Start of Entries supplied

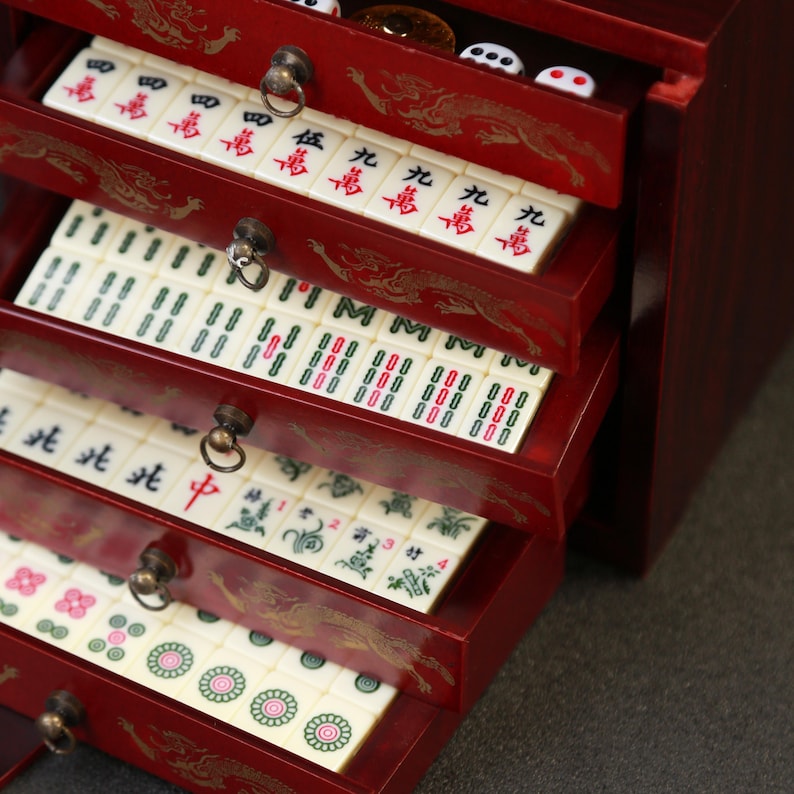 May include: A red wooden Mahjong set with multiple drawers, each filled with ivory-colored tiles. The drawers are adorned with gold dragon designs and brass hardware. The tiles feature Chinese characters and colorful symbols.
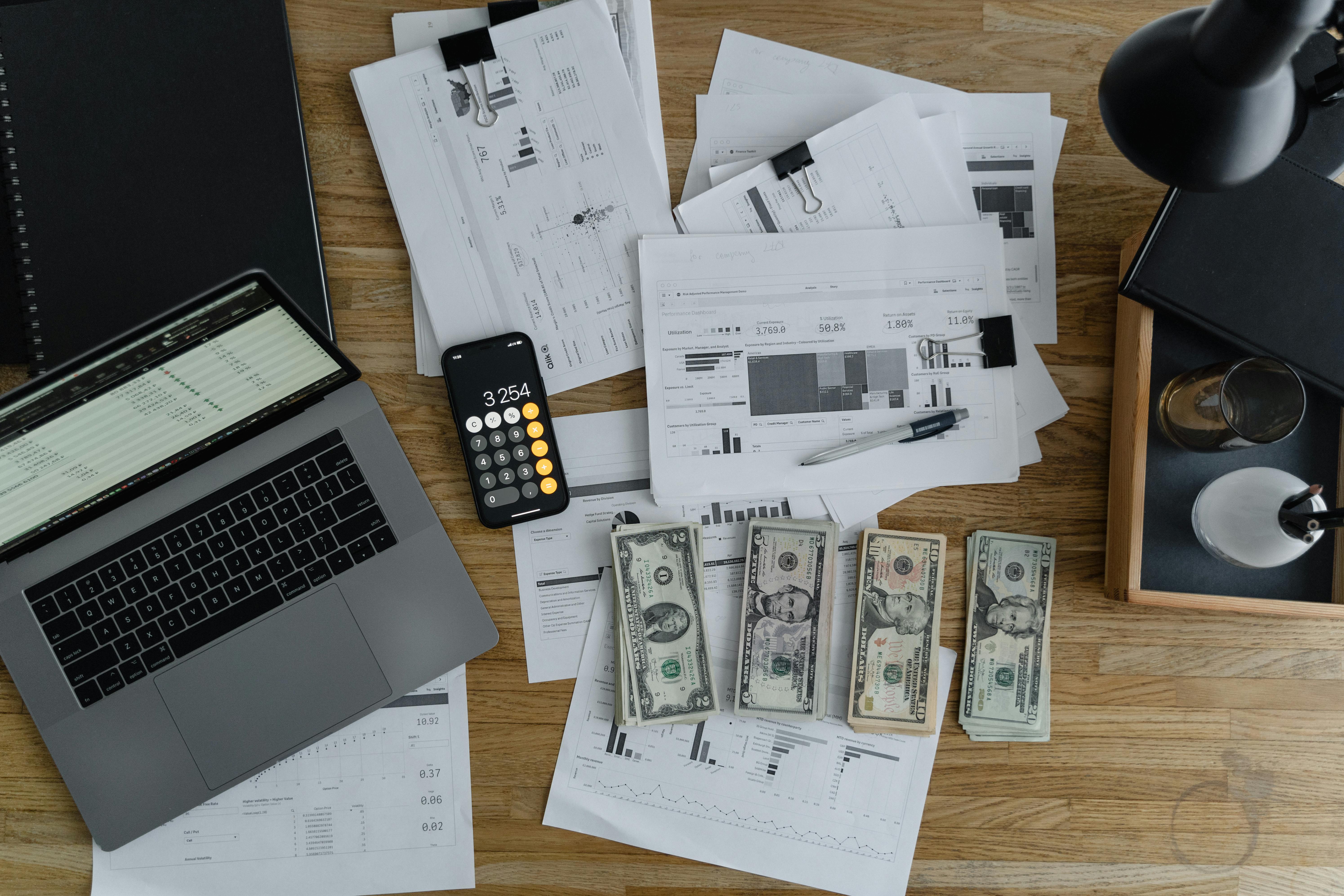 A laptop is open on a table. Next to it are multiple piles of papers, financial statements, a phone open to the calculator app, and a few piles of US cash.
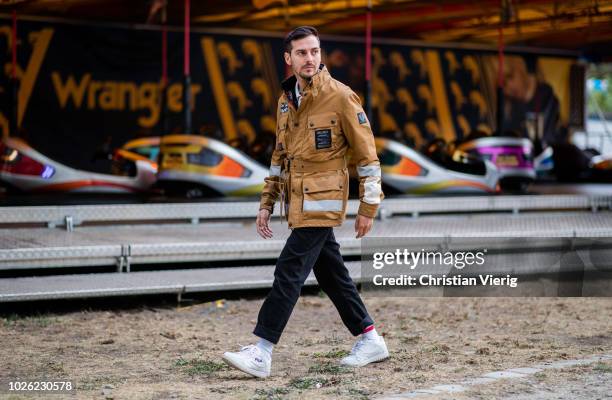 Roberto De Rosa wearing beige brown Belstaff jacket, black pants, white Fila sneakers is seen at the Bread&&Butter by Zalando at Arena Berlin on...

End of Entries supplied
Start of Entries supplied

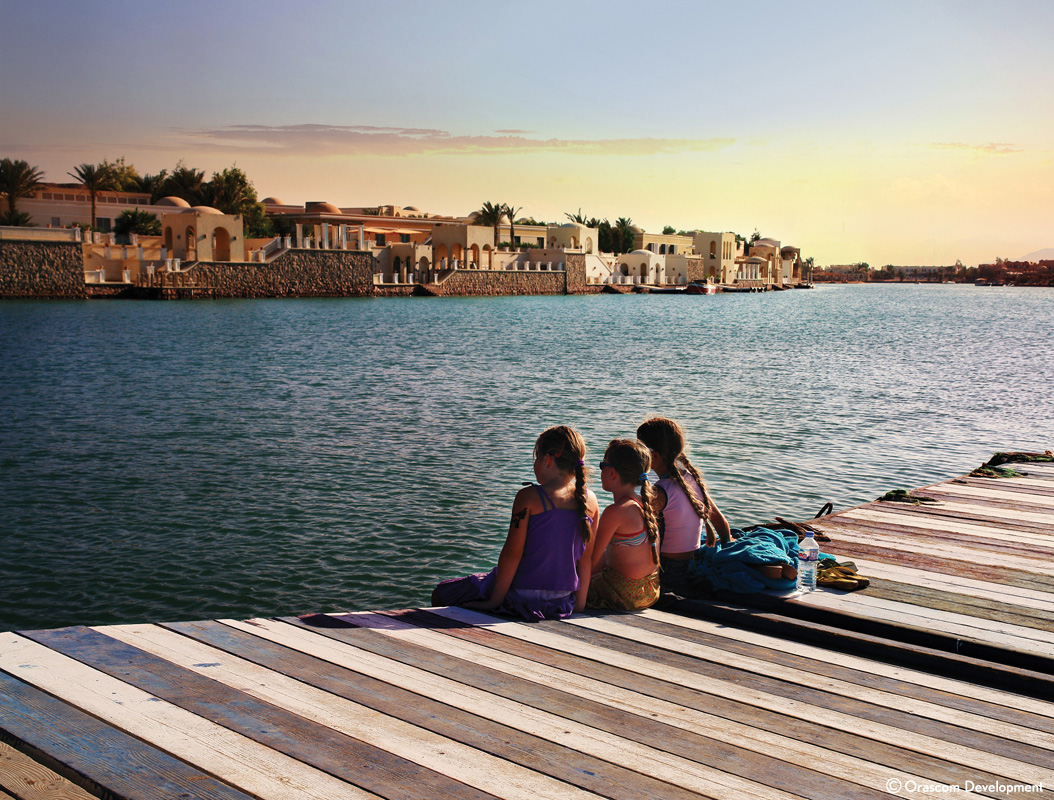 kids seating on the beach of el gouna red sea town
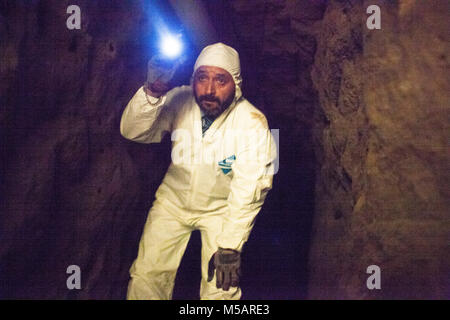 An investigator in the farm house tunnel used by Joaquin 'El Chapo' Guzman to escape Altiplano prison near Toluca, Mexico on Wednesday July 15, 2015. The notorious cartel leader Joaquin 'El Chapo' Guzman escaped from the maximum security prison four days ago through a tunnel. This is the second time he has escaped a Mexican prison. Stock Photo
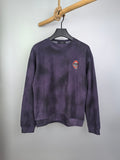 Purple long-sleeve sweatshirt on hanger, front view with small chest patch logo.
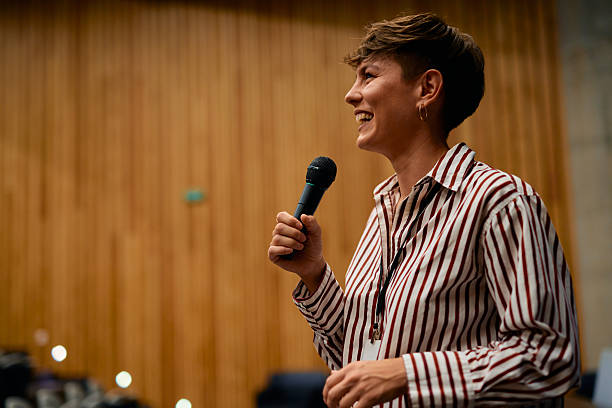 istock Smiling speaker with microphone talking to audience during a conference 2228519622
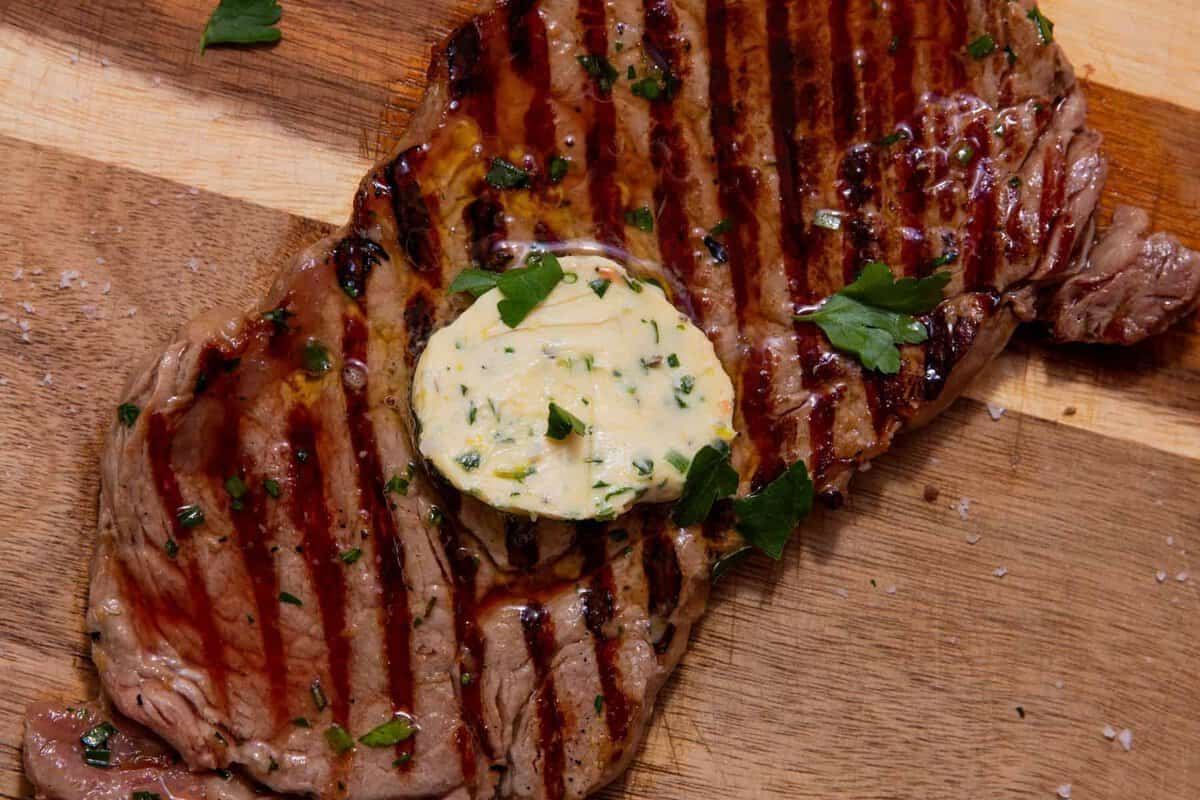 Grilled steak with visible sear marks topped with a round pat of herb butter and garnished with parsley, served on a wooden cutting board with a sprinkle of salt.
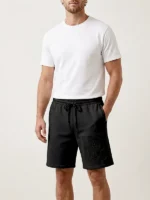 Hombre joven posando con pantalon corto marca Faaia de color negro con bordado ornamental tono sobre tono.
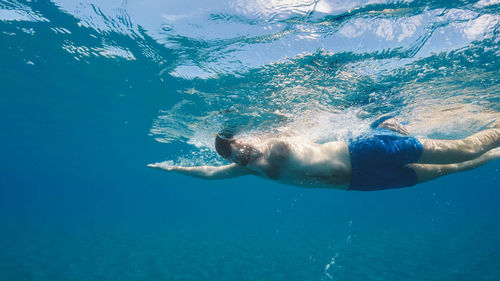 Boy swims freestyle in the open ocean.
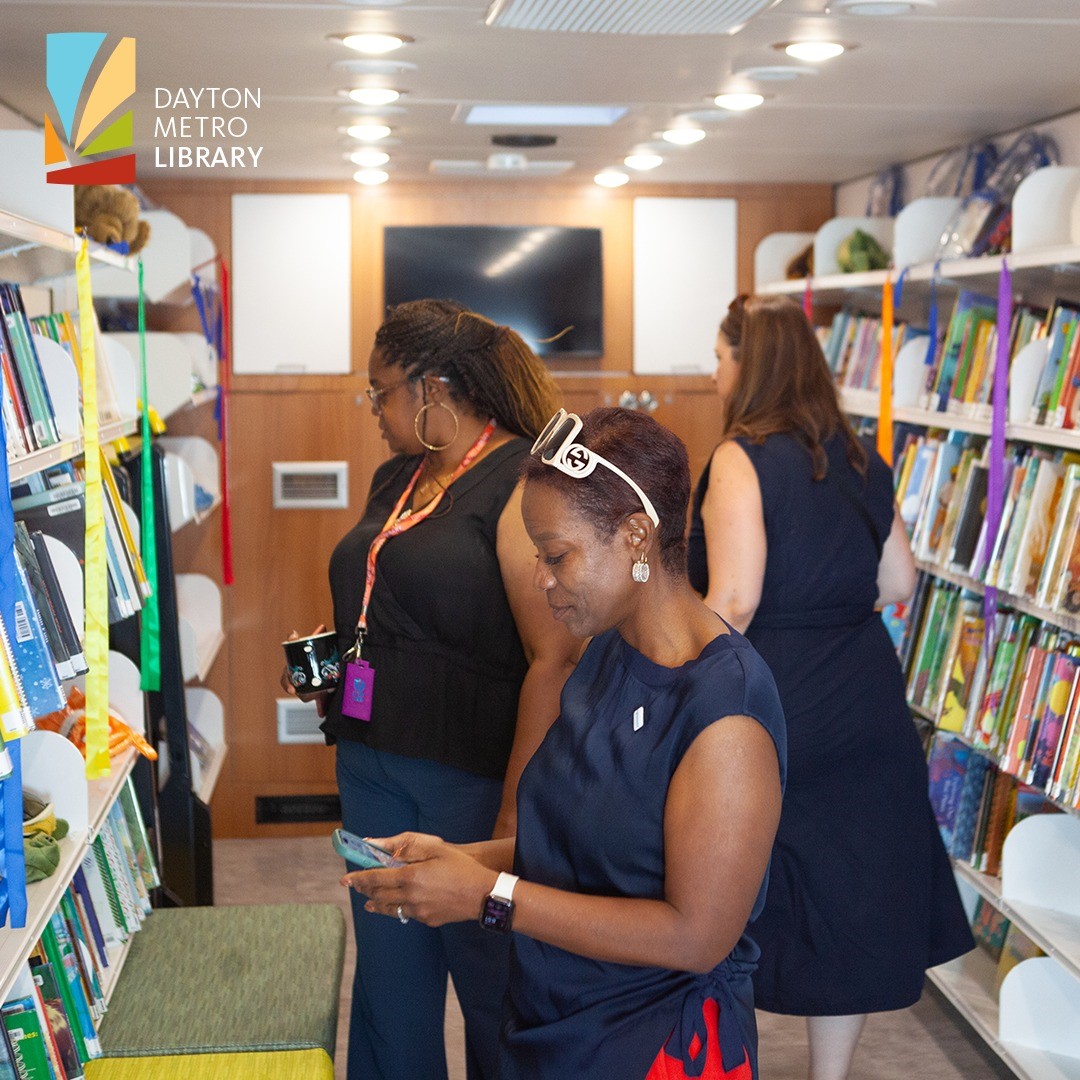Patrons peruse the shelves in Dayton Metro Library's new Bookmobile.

End of Entries supplied
Start of Entries supplied

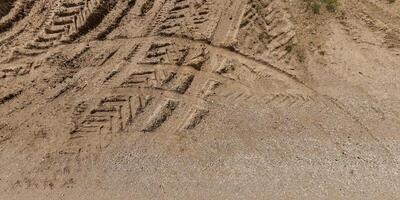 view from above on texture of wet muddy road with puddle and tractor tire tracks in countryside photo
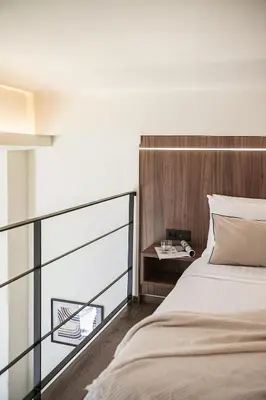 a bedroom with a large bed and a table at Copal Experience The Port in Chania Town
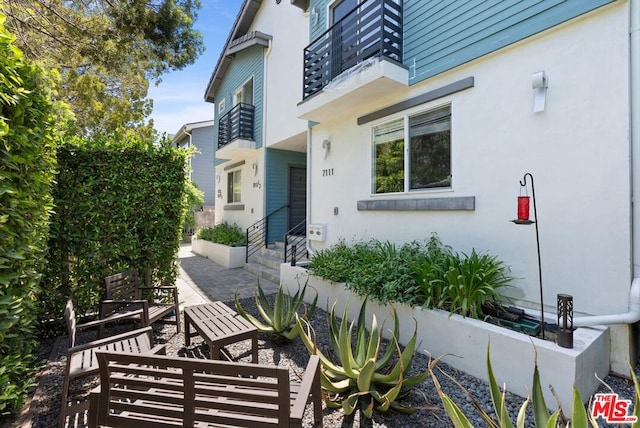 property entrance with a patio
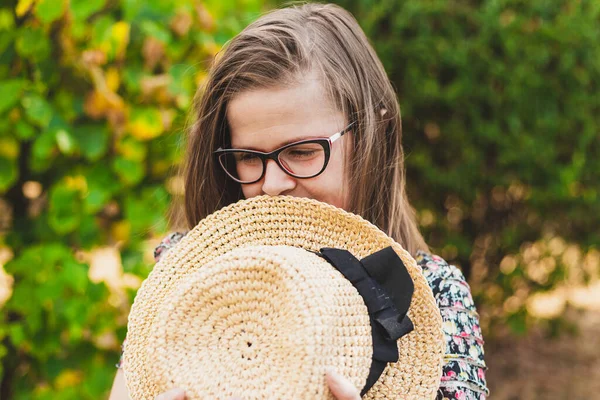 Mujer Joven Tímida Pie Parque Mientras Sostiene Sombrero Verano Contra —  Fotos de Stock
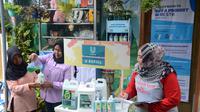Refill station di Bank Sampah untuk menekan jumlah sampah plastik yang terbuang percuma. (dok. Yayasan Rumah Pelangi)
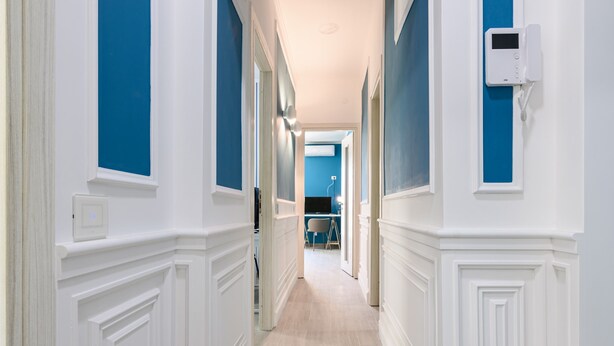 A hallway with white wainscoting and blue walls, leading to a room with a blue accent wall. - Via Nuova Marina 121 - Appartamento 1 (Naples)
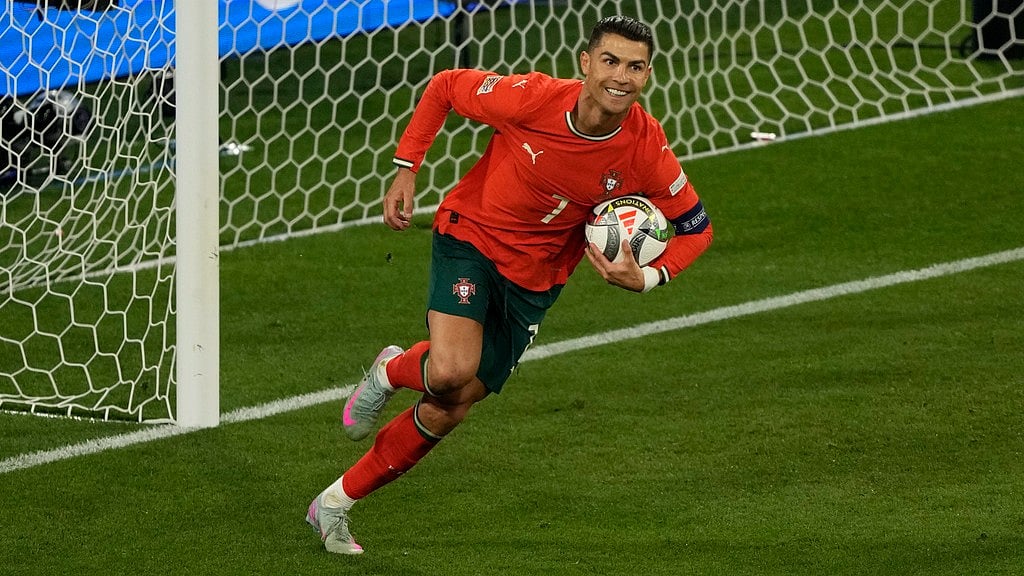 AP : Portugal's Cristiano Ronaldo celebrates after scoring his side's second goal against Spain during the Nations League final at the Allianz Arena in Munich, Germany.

End of Entries supplied

:: Task statement ::
Each line above that falls between the line with "a bedroom with" and the line with "A hallway with" should be printed exactly, together with those two lines, but the pictures should not.

:: Response to this exercise ::
 a bedroom with a large bed and a table at Copal Experience The Port in Chania Town
 property entrance with a patio
 Mujer Joven Tímida Pie Parque Mientras Sostiene Sombrero Verano Contra —  Fotos de Stock
Refill station di Bank Sampah untuk menekan jumlah sampah plastik yang terbuang percuma. (dok. Yayasan Rumah Pelangi)
 A hallway with white wainscoting and blue walls, leading to a room with a blue accent wall. - Via Nuova Marina 121 - Appartamento 1 (Naples)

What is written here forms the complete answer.